43 自給自足②

 岩や植物や風に話しかけることは、ヨワにとってなんらおかしなことではなかった。〈ナチュラル〉という思想を知る前から、ヨワは自然に親愛を抱いていた。

 風は誰にだって近寄ってくる。花は誰のことも仲間外れにしない。岩はいつだって最高の聞き上手だ。家族から距離を置かれ、竜鱗病の醜さからクラスメイトと馴染めなかったヨワの物言わぬ友人たち。そこに神が宿っているのかどうかはわからないが、なんとなくいつも見守ってくれているような気がした。

 沢に下りたヨワは斜面の剥き出しになっている岩盤の隙間から流れ落ちる小さな滝の下に水瓶を置いた。湧き水はカーテンのように幾筋も分かれて流れているが、あいにく大きな瓶に注げるほど高いところから水が落ちているのは一ヶ所しかない。かたわらの岩に腰かけてヨワは辛抱強く瓶一杯に水が満たされるのを待った。

 ふたつ目の瓶に替えて再び座り込み、疲労から目を閉じてうつらうつらとしていた時だった。


『ねえ、だいじょうぶ?』

『たいへんじゃない?』


 突然そんな声が聞こえてヨワは飛び上がった。慌ててあたりを見回してみるが人影はない。声からして幼い男の子か女の子かと思ったが、山開きされていないカカペト山の八合目に子どもがいるなんておかしな話だ。

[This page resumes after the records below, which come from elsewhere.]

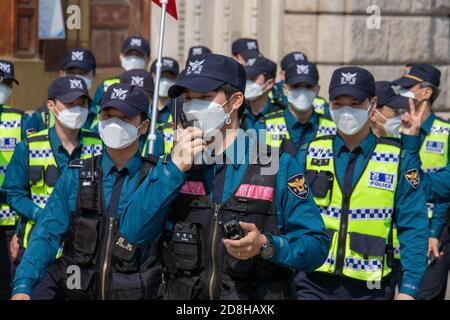 Police wearing masks during the Coronavirus pandemic, Seoul, South Korea Stock Photo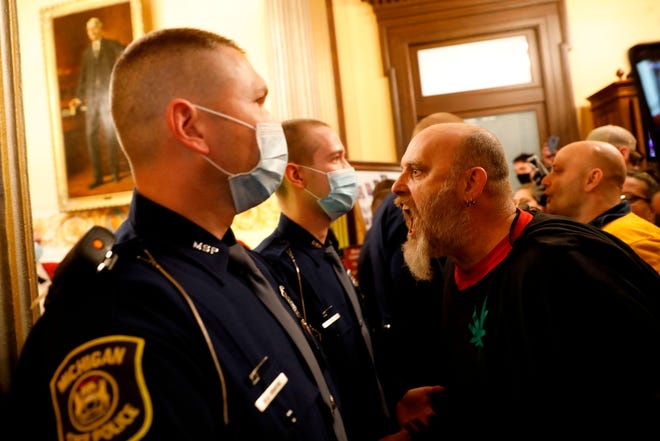 Michigan State Police bar protesters from entering the chambers of the Michigan House of Representatives on Thursday, April 30, during a rally for the reopening of businesses on the steps of the Michigan State Capitol in Lansing.  The group is upset with Michigan Gov. Gretchen Whitmer's mandatory closures to curtail the spread of coronavirus.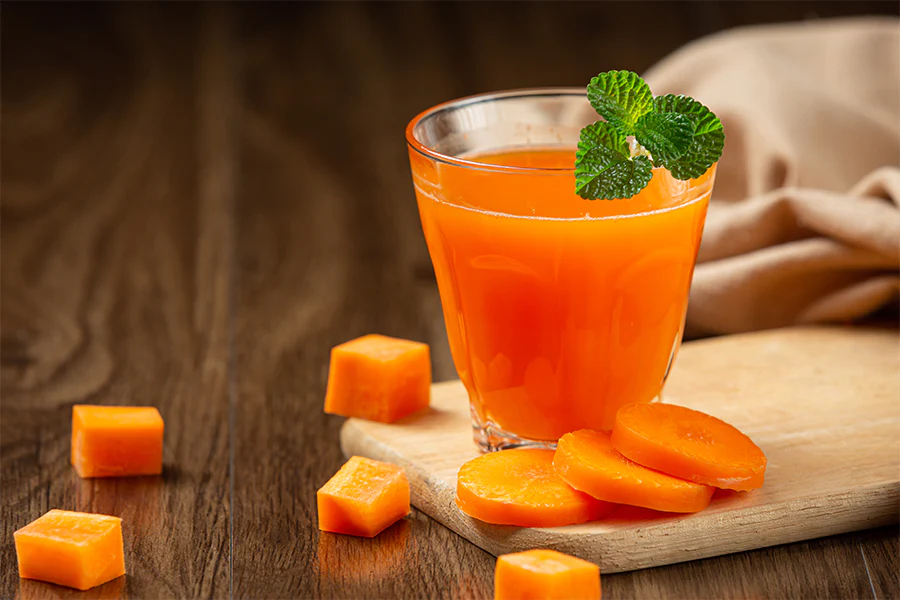 Often hailed for its vivid color, pleasant taste, and outstanding vitamin profile, carrot juice has become a health drink of choice. Though it has clear health advantages, others wonder if its natural sugar level qualifies for daily intake. To decide whether carrot juice merits a spot in your regular diet, let's weigh the advantages and drawbacks. What Is Carrot Juice? Extraction of the liquid from fresh carrots produces concentrated drink with most of the vegetable nutrients retained in carrot juice. To improve taste and nutritional worth, certain variants could call for other ingredients like ginger, lemon, or apples. The Benefits of Carrot Juice Rich in Vitamins and Minerals: Beta-carotene, a type of vitamin A, is found in great abundance in carrot juice, so supporting immune system, eye health, and skin condition. It also supplies potassium as well as vitamins C, K, and B6. High in Antioxidants: Carrot juice's beta-carotene and other antioxidants fight oxidative stress, therefore lowering the risk of chronic diseases and promoting general well-being. Supports Skin Health: The high Vitamin A content contributes to healthy skin by promoting cell turnover and protecting against damage from UV rays. Improves Immune Function: Popular during cold and flu season, carrot juice's mix of antioxidants and vitamin C boosts immune system strength. May Aid Digestion: While it lacks fiber, carrot juice contains enzymes and nutrients that may support digestion and maintain gut health. The Sugar Content in Carrot Juice Natural Sugars: About nine grams of sugar are in an eight-ounce glass of carrot juice. Although this is less than many fruit juices, it is nonetheless noteworthy and can cause blood sugar increases when drunk excessively. Lack of Fiber: Juicing removes most of the fiber present in whole carrots, which otherwise helps regulate sugar absorption and promotes satiety. Glycemic Impact: Carrot juice has a mild glycemic index even with its natural sugars. It can be lessened in effect on blood sugar levels by combining it with protein or good fats. Potential Drawbacks of Carrot Juice Caloric Content: Although nutrient-dense, carrot juice has more calories than water or herbal teas. Eating too much could cause inadvertent calorie consumption. Overconsumption of Vitamin A: Too much carrot juice can result in an oversupply of beta-carotene, which would give the skin a benign but obvious orange tinge known as carotenemia. Dental Health Concerns: The natural sugars and acidity in carrot juice can contribute to tooth decay if consumed frequently without proper oral hygiene. How to Enjoy Carrot Juice Mindfully Control Portion Sizes: Stick to small servings (4 to 6 ounces) to enjoy the benefits without overloading on sugar or calories. Pair with Whole Foods: To regulate blood sugar, mix carrot juice with a meal or snack including fiber, protein, and good fats. Choose Fresh or Homemade Juice: Choose freshly prepared carrot juice free of preservatives or extra sweeteners. If purchasing store-bought, carefully check labels to be sure it is 100% juice. Dilute with Water: While still making a cool drink, mixing carrot juice with water or sparkling water helps to lower sugar concentration. Incorporate in Smoothies: To make a more balanced drink, blend carrot juice with other nutrient-dense foods such as spinach, ginger, or unsweetened yogurt. The Role of Carrot Juice in a Balanced Diet When used in moderation, carrot juice may be a great supplement to any balanced diet. Particularly for people who find it difficult to eat enough veggies, its nutrient density makes it a great choice for a rapid vitamin boost. It should, nevertheless, enhance entire foods rather than replace them. Conclusion Clearly a nutrient-dense beverage, carrot juice provides a variety of health advantages from better skin to a stronger immune system. But its natural sugar level and lack of fiber make it ideal for moderation. Knowing its advantages and drawbacks will help you to include carrot juice into your diet in a way that supports general health without overindulging in sweetness. Like any health trend, awareness and balance are absolutely vital.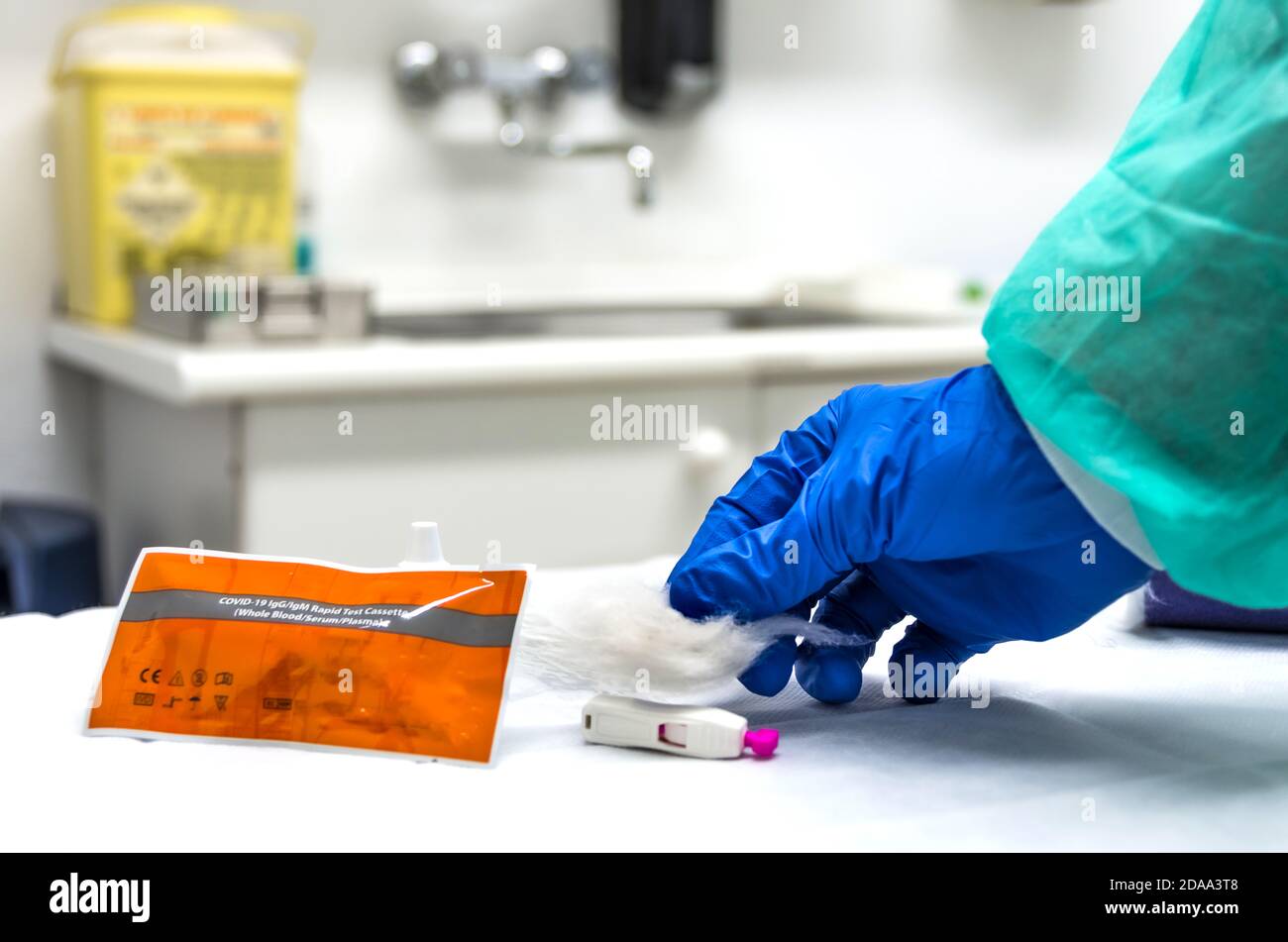 Mani di un infermiere con attrezzature di protezione individuale e cotone, in fase di raccolta del sangue per effettuare un test rapido per la covid-19(coronavirus); Foto Stock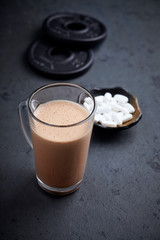 Chocolate Protein Shake, BCAA amino acids and plates. Nutrition for bodybuilding. Black stone background. Copy space.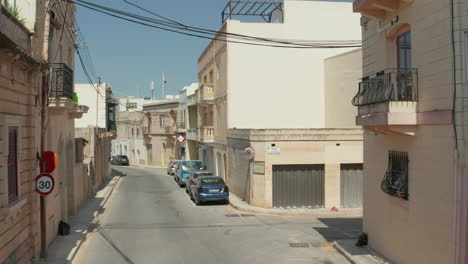Small-mediterranean-Town-Empty-Street-because-of-Coronavirus-Covid-19-Pandemic-and-Lockdown,-Aerial-dolly-forward-between-Beige-and-Sand-Colored-Houses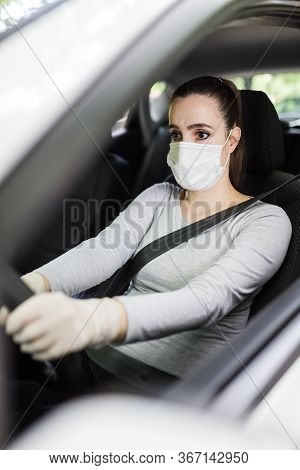 Portrait Of Woman Driver With Face Mask And Medical Gloves, Coronavirus Pandemic Concept.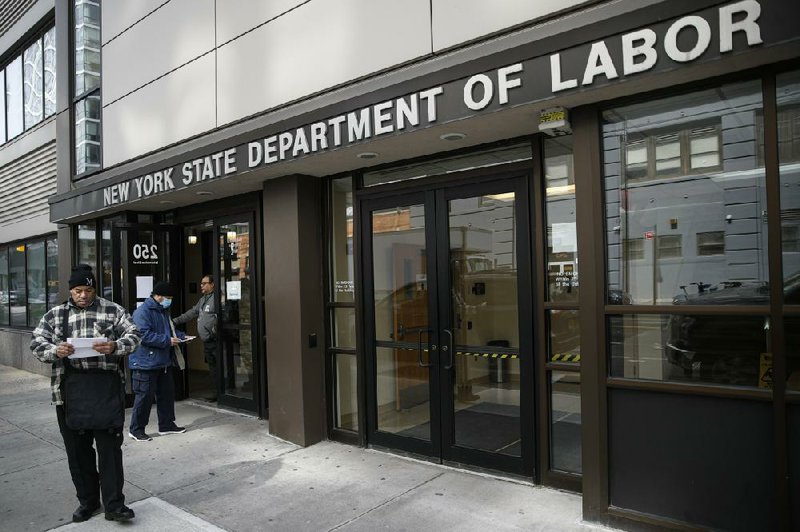 Visitors to a New York Department of Labor office are turned away at the door Wednesday because of coronavirus closures in New York City.
(AP/John Minchillo)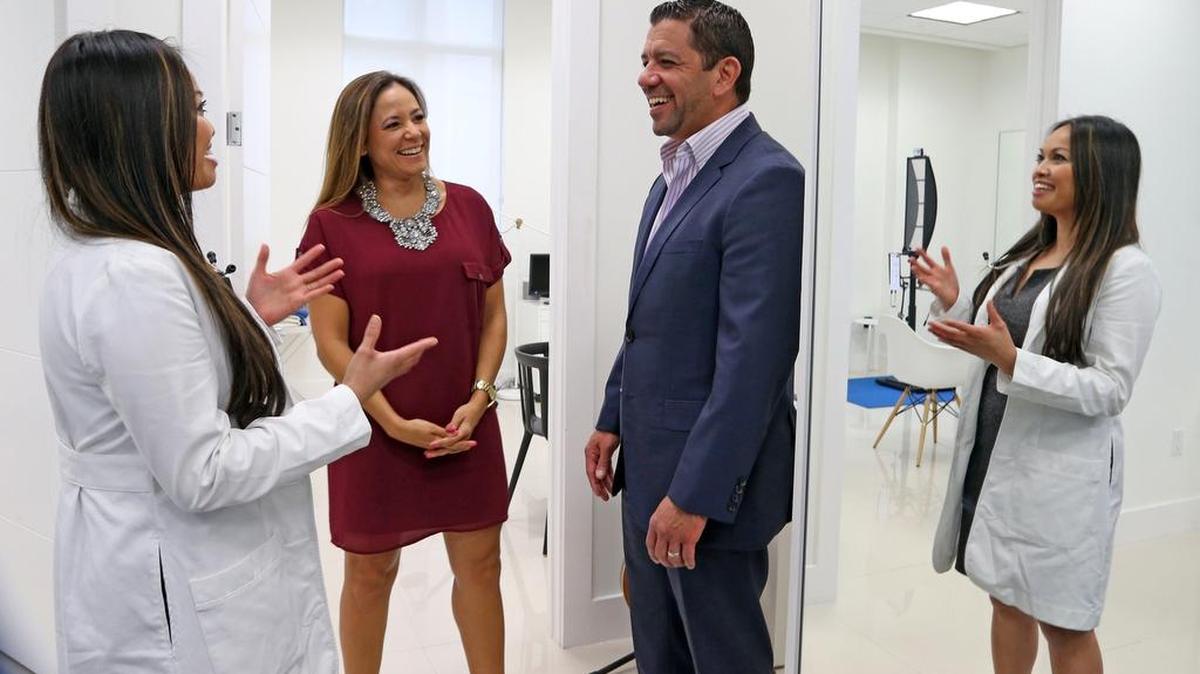 Dr. Dulce Mascarinas talks with Paola and Alain Fernandez, who won first place in the Business Plan Challenge FIU Track for ValueDOC — a free health and wellness marketplace for cash patients.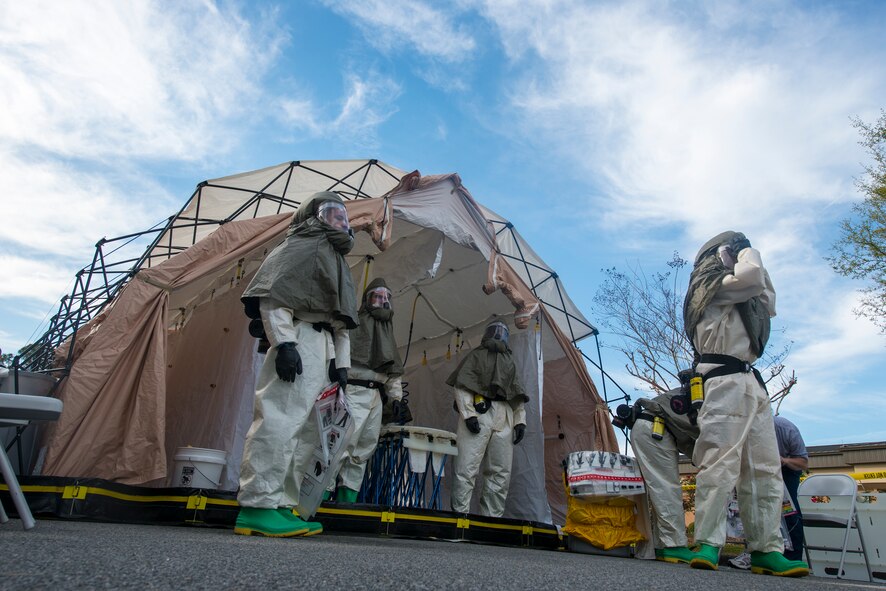 Airmen wait for patients to arrive to a decontamination site outside the medical treatment facility (MTF) during a chemical, biological, radiological and nuclear major accident response exercise at Moody Air Force Base, Ga., April 3, 2014. Upon arrival to the MTF, 23d Medical Group personnel thoroughly decontaminated patients prior to giving treatment. (U.S. Air Force photo by Airman 1st Class Ryan Callaghan/Released)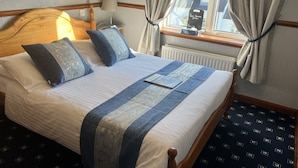 Ein ordentlich bezogenes Bett mit einer blau-weißen Tagesdecke, einem hölzernen Kopfteil und einem Nachttisch mit einer Lampe.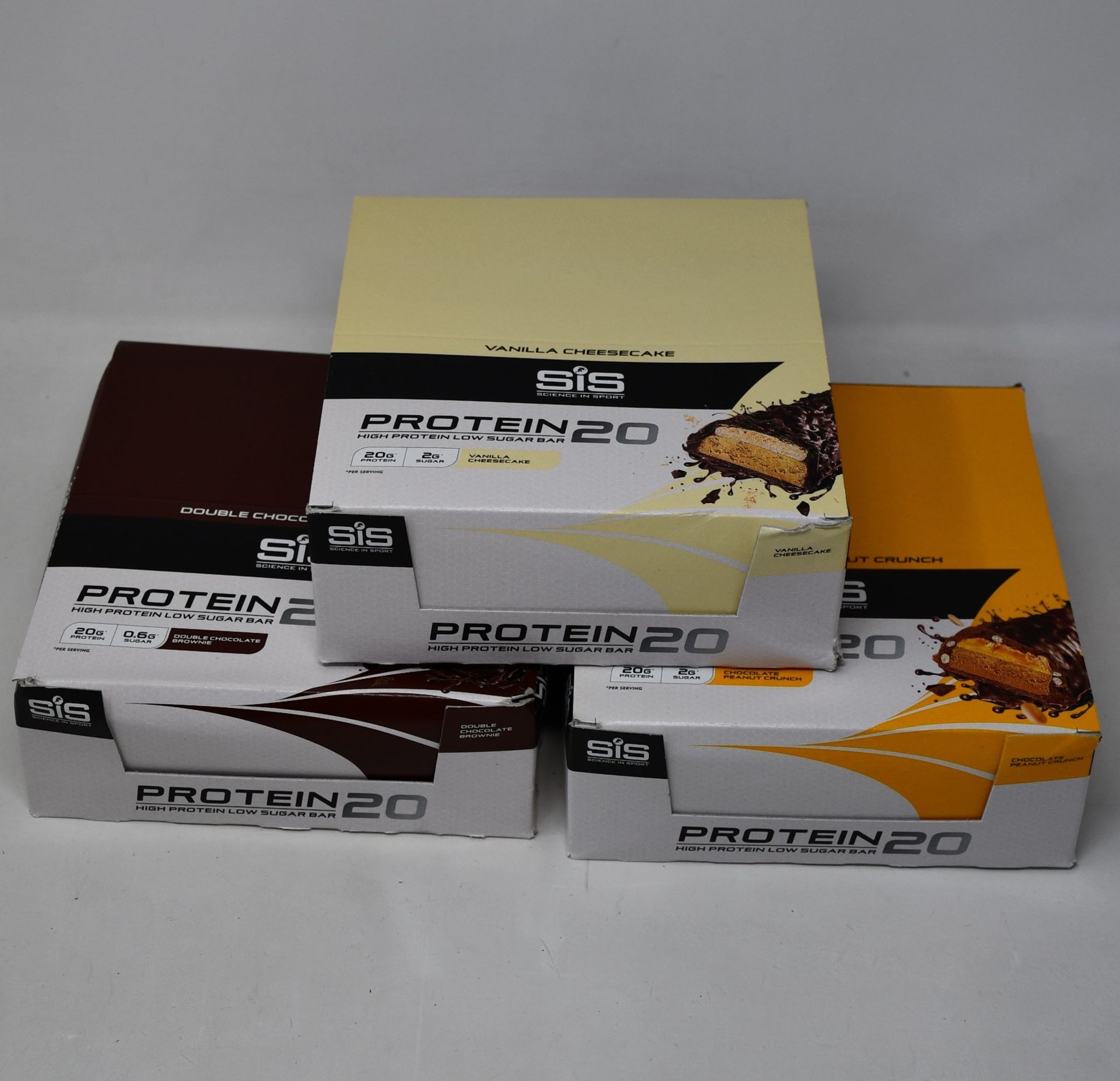 Six boxes of twelve Science In Sport Protein20 high protein low sugar bars (2 vanilla cheesecake,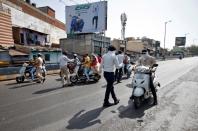 Policemen stop people travelling on scooters after the lockdown by Gujarat state government to limit the spreading of coronavirus disease (COVID-19), in Ahmedabad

 ドキドキと興奮が収まらない胸に手をあて、ヨワは訳のわからない声に動くことができず目だけを忙しなく走らせていた。するとまた聞こえる。


『たいへん! たいへん!』

『ユカシイがたいへん!』


 今度は後輩の名前が出てきたことに驚く。それと同時に居ても立ってもいられない衝動が足元から駆け上がってきた。なにが起きているのかわからない。だがヨワは心が急かすままに走り出した。